The Jammu & Kashmir High Court on Thursday ruled that mere registration of a FIR against a public servant shall not be a ground for compulsorily retiring the official concerned.
The bench also directed the reinstatement of the petitioner, who held the post of Assistant Manager in the Public Works Department, and against whom the Vigilance Organisation Kashmir (VOK) had registered FIRs under sections 420, 467 and 468 of the Ranbir Penal Code as well as for allegedly possessing assets illicit to his known sources of income.
Noting the petitioner’s averment that the investigation into the baseless allegations against him is not being completed, the bench quashed the order of compulsory retirement under Article 226(2) of the J&K Civil Service Regulations (CSR).
The bench laid emphasis on the 'Annual Performance Reports' (APR) of the petitioner wherein his achievements have been judged from time to time by his superiors as excellent/good/satisfactory. The bench also stressed on the importance to consider an official’s entire service record, including his service book, personal file and Integrity Certificate.

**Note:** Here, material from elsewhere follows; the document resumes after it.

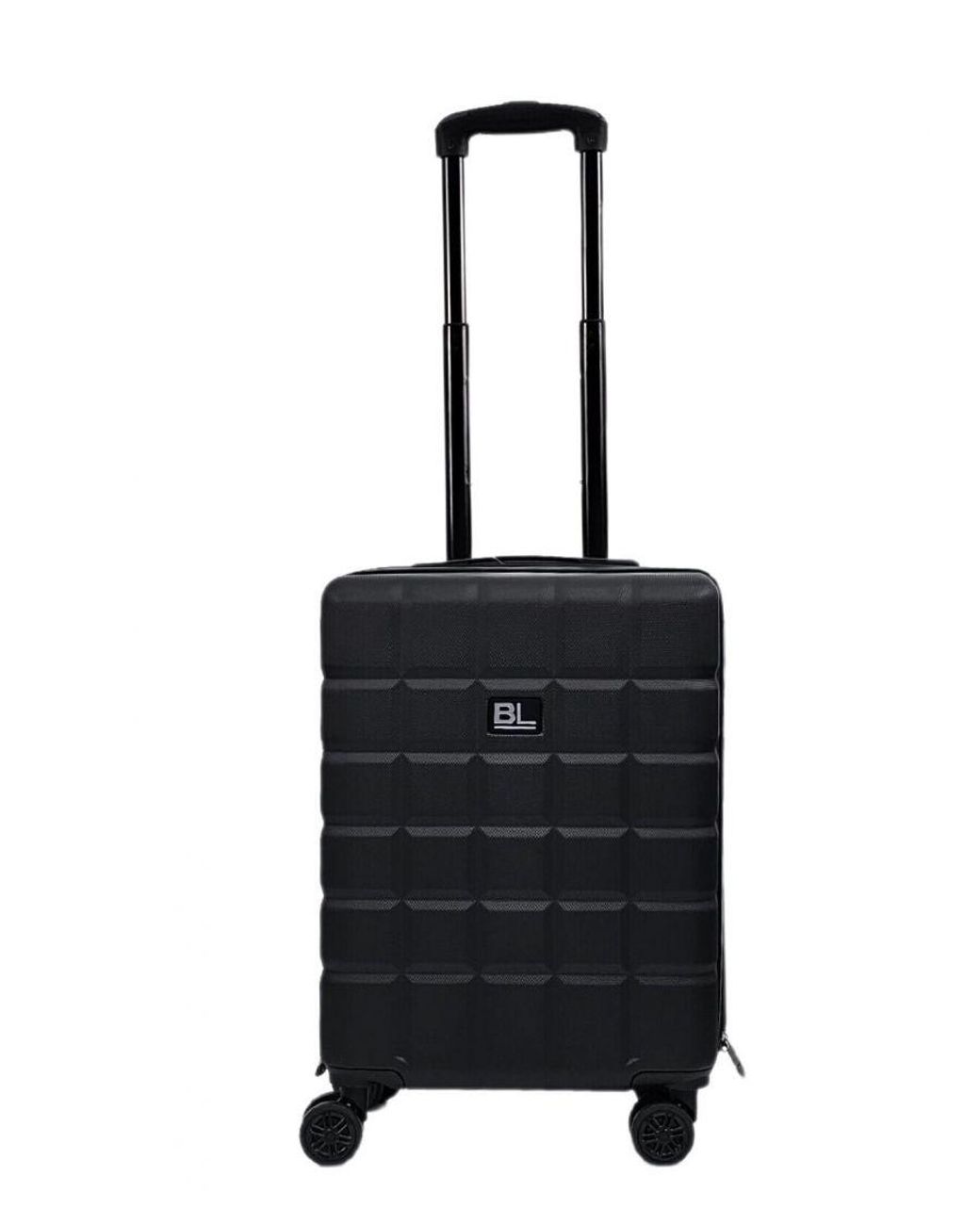 Infinity Leather Black Hard Shell Classic 8 Wheel Cabin Luggage Case Travel Suitcases Abs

In view of the said Article, the instructions issued by the state government in June, 1999 and the Office Memo of the General Administration Department of October, 2010, the high court ruled that the screening committee, in determining the compulsory retirement of a public servant, shall be guided by the following factors- the number and nature of complaints received, if any, against the government servant pertaining to his doubtful integrity or corruption; the number and nature of various audit reports pending, if any, against such government servant; the number and nature of vigilance cases pending enquiry, if any; adverse entries in APRs concerning doubtful integrity, if any; the number and nature of departmental enquiries, preliminary enquiries etc.; the number and nature of administrative censures/warnings/punishments pertaining to corruption or doubtful integrity and, lastly, the general reputation of employees.
The bench also observed, “The law is that the order of compulsory retirement, taken under the safety valve of public interest, could not be treated as a major punishment and that Article 311(2) of the Constitution could not be invoked, as the employee concerned was no longer fit in the public interest to continue in service and, therefore, he can be compulsorily retired.”
Finally, the bench envisaged the power of judicial review of an order of compulsory retirement if the court is satisfied that any such order is (a) mala fide; (b) that it is based on no evidence; or (c) that it is arbitrary.